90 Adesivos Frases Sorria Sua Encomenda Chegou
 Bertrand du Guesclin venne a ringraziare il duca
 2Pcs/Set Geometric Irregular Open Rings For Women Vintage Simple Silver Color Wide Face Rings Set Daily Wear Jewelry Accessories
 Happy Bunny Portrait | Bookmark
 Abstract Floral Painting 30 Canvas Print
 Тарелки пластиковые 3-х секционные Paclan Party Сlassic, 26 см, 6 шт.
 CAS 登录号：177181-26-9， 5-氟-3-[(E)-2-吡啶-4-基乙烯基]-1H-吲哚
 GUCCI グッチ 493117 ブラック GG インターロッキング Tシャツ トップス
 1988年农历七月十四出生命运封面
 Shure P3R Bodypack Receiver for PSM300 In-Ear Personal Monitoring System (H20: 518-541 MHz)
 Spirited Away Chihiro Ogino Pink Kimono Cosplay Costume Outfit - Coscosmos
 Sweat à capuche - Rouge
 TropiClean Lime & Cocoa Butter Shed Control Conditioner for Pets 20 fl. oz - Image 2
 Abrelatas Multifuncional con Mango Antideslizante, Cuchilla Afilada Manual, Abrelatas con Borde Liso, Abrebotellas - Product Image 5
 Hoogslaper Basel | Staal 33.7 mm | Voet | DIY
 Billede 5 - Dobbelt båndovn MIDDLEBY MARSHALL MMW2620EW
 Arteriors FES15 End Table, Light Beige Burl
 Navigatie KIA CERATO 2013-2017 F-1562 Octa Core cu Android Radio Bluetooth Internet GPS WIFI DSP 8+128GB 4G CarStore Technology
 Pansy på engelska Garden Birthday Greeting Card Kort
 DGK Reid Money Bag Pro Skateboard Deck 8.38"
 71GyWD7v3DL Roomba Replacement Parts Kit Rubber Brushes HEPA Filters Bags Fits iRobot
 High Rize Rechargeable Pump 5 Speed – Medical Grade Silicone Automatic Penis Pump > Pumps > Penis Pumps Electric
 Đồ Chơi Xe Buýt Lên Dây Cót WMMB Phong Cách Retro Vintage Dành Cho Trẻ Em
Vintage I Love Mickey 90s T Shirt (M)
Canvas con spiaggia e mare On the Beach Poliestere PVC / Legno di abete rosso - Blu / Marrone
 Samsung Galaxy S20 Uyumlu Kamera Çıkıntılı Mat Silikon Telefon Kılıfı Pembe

- [WHAT THIS TASK INVOLVES]
In the answer, each line of the data must appear exactly as written.

- [ANSWER BOX]
90 Adesivos Frases Sorria Sua Encomenda Chegou
 Bertrand du Guesclin venne a ringraziare il duca
 2Pcs/Set Geometric Irregular Open Rings For Women Vintage Simple Silver Color Wide Face Rings Set Daily Wear Jewelry Accessories
 Happy Bunny Portrait | Bookmark
 Abstract Floral Painting 30 Canvas Print
 Тарелки пластиковые 3-х секционные Paclan Party Сlassic, 26 см, 6 шт.
 CAS 登录号：177181-26-9， 5-氟-3-[(E)-2-吡啶-4-基乙烯基]-1H-吲哚
 GUCCI グッチ 493117 ブラック GG インターロッキング Tシャツ トップス
 1988年农历七月十四出生命运封面
 Shure P3R Bodypack Receiver for PSM300 In-Ear Personal Monitoring System (H20: 518-541 MHz)
 Spirited Away Chihiro Ogino Pink Kimono Cosplay Costume Outfit - Coscosmos
 Sweat à capuche - Rouge
 TropiClean Lime & Cocoa Butter Shed Control Conditioner for Pets 20 fl. oz - Image 2
 Abrelatas Multifuncional con Mango Antideslizante, Cuchilla Afilada Manual, Abrelatas con Borde Liso, Abrebotellas - Product Image 5
 Hoogslaper Basel | Staal 33.7 mm | Voet | DIY
 Billede 5 - Dobbelt båndovn MIDDLEBY MARSHALL MMW2620EW
 Arteriors FES15 End Table, Light Beige Burl
 Navigatie KIA CERATO 2013-2017 F-1562 Octa Core cu Android Radio Bluetooth Internet GPS WIFI DSP 8+128GB 4G CarStore Technology
 Pansy på engelska Garden Birthday Greeting Card Kort
 DGK Reid Money Bag Pro Skateboard Deck 8.38"
 71GyWD7v3DL Roomba Replacement Parts Kit Rubber Brushes HEPA Filters Bags Fits iRobot
 High Rize Rechargeable Pump 5 Speed – Medical Grade Silicone Automatic Penis Pump > Pumps > Penis Pumps Electric
 Đồ Chơi Xe Buýt Lên Dây Cót WMMB Phong Cách Retro Vintage Dành Cho Trẻ Em
Vintage I Love Mickey 90s T Shirt (M)
Canvas con spiaggia e mare On the Beach Poliestere PVC / Legno di abete rosso - Blu / Marrone
 Samsung Galaxy S20 Uyumlu Kamera Çıkıntılı Mat Silikon Telefon Kılıfı Pembe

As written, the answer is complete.